2. Instruments Tested
The following 11 instruments were defined and tested. Total item count across all instruments: 433 items.
3. Testing Methodology
The test suite (test_instruments.py) loads all 11 JSON instrument definitions and runs 16 test groups. Each test is a discrete assertion that either passes or fails with a specific diagnostic message. The tests are designed to catch both structural errors (malformed JSON, missing fields, broken references) and clinical logic errors (incorrect scoring, wrong phenotype classification, failed trigger chains).
3.1 Test Groups
1
Structural Integrity
Validates required top-level keys, valid category values, module_id matching filename, section structure with required fields, and item_count matching actual items.
2
Item ID Sequencing
Verifies all item IDs are unique, use the correct module prefix, and follow sequential numbering (1 through N).
3
Reverse Scoring
Confirms every reverse-scored item exists in the instrument, and that inline reverse_scored markers on individual items match the scoring block's reverse_scored_items list.
4
Domain/Scoring Alignment
Validates that section domain_keys match the scoring block's domain list, with special handling for SACA's apnea domain, CEFRA's trigger_load scoring path, and CANLA's knowledge scoring.
1
Severity Thresholds
Checks that all threshold ranges start at 0, cover the full scale, and have no gaps between adjacent ranges.
2
Phenotype Rules
Validates each phenotype has required fields and references only domains that exist in the instrument.
3
Trigger Rules
Validates cross-instrument triggers reference existing modules and existing domains within those modules.
4
Short-Form Sentinels
Confirms all sentinel items exist in the scorable item set, counts match declared short_form_count, MI rewordings exist for every sentinel, and sentinels cover at least 50% of domains.
1
Scoring Engine Simulation
Scores 7 synthetic patients across 9 instruments, validates domain scores, global scores, severity classification, and reverse scoring correctness.
2
Cross-Instrument Triggers
Evaluates the full trigger chain from MDOA through downstream modules (SEIM, DOMM, CEFRA, LOCEA, SACA).
3
EBCA Graded Severity
Tests sum-based scoring, LOC feature detection, distress detection, and probable BED classification.
4
FSMCA Inverted Thresholds
Confirms competence-based threshold direction (higher = stronger) is correctly structured.
1
Dynamic Prompt Generation
Tests MI rewording selection prioritized by domain severity for coaching session check-ins.
2
CRSEM Coaching Stance
Tests coaching modality selection based on readiness/ambivalence profile, including the safety rule against action-heavy coaching for low-readiness patients.
3
PHQ-9 Integration
Tests DOMM's three-way triage logic combining PHQ-9 elevation with DOMM global score.
4
Multi-Step Trigger Chain
Validates the full cascade MDOA → SEIM → SACA with apnea escalation flag.

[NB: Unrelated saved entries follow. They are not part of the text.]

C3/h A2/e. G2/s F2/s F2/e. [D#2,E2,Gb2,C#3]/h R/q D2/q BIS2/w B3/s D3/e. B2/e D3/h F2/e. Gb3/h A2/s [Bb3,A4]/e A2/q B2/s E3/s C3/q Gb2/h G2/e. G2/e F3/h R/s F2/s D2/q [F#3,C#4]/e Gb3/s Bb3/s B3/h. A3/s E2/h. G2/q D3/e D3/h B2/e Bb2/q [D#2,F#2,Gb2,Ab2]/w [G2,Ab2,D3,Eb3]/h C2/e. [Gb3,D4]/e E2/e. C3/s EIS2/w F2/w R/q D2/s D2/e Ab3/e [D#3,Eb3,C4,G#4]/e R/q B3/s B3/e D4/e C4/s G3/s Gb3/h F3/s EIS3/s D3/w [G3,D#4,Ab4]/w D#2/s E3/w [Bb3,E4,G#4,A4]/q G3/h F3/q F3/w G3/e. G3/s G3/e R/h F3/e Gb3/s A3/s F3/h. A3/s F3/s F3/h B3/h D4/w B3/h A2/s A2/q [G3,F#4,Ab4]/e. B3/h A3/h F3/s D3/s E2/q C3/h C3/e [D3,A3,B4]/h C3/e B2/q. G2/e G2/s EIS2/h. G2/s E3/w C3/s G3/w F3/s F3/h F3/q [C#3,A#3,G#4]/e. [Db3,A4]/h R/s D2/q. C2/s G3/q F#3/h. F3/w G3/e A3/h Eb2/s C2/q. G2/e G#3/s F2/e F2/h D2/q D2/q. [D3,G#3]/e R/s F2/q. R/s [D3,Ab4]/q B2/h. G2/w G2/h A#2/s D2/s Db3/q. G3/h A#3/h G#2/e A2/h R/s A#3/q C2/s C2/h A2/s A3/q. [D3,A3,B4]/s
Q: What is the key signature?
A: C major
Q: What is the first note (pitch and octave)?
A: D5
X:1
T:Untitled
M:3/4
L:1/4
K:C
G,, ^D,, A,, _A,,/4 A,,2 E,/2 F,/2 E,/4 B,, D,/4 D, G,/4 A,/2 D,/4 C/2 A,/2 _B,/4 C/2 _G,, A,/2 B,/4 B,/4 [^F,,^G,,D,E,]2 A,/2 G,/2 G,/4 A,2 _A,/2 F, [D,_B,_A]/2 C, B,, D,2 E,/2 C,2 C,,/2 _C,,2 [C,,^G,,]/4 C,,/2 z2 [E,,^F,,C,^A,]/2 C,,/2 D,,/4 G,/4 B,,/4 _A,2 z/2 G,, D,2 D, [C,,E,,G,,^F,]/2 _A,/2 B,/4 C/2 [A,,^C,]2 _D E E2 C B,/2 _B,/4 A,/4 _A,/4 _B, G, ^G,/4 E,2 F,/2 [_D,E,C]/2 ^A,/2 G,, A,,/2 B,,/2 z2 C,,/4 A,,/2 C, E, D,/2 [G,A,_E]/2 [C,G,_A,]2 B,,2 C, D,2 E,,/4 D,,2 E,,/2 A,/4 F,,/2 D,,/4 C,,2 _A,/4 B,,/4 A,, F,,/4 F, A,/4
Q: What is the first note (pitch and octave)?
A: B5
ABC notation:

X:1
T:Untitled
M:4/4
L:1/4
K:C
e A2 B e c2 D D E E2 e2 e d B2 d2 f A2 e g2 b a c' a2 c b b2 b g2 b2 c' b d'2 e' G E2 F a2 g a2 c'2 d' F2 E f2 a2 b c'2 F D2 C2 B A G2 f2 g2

3.2 Synthetic Patient Profiles
Seven synthetic patients were constructed with clinically coherent response patterns to test scoring and phenotype classification under realistic conditions:
1
Patient A
Moderate stress-driven emotional eater with poor sleep (SEIM, SACA)
2
Patient B
Depression-driven with low food skills and low readiness (DOMM, FSMCA, CRSEM)
3
Patient C
Compulsive eater with severe LOC and BED features (LOCEA, CEFRA, EBCA)
4
Patient D
High nutrition knowledge / perfect CANLA score (CANLA)
5
Patient E
MDOA mood-driven phenotype triggering downstream assessments (MDOA)
6
Patient F
Severe mechanical barriers and fatigue-driven inactivity (MCAA)
7
Patient G
Apnea red flags requiring clinician escalation (SACA)
4. Instrument-by-Instrument Results
4.1 MDOA — Mental Drivers of Obesity Assessment
Structure
64 items across 8 sections: 6 Likert-scored sections (A–F, 8 items each), 1 categorical pattern section (G, 10 items), and 1 binary risk-flag section (H, 6 items). This is the master intake instrument and the source of all downstream trigger rules. The MDOA was developed to the highest precision by the medical director and serves as the structural template for all other definitions.
Scoring
Global score = mean of items 1–48 (Likert sections only). Six domain means: mood, reward, satiety, LOC, executive, shame. No reverse-scored items.
Phenotypes
8 phenotype rules including mood-driven, reward-dominant, satiety/glycemic, LOC/compulsive, executive/chaos, shame/rigidity, mixed high-complexity, and high-complexity.
Triggers
6 trigger rules fire downstream modules: mood ≥ 2.0 triggers SEIM and DOMM; LOC ≥ 2.0 triggers LOCEA; reward ≥ 2.0 triggers CEFRA; executive ≥ 2.5 triggers NRAF-EF; shame ≥ 2.5 triggers BIWSSA.
Test Results
All structural, scoring, phenotype, and trigger tests pass. Synthetic Patient E (mood=3.0) correctly classifies as mood_driven phenotype and fires SEIM, DOMM, and CEFRA triggers.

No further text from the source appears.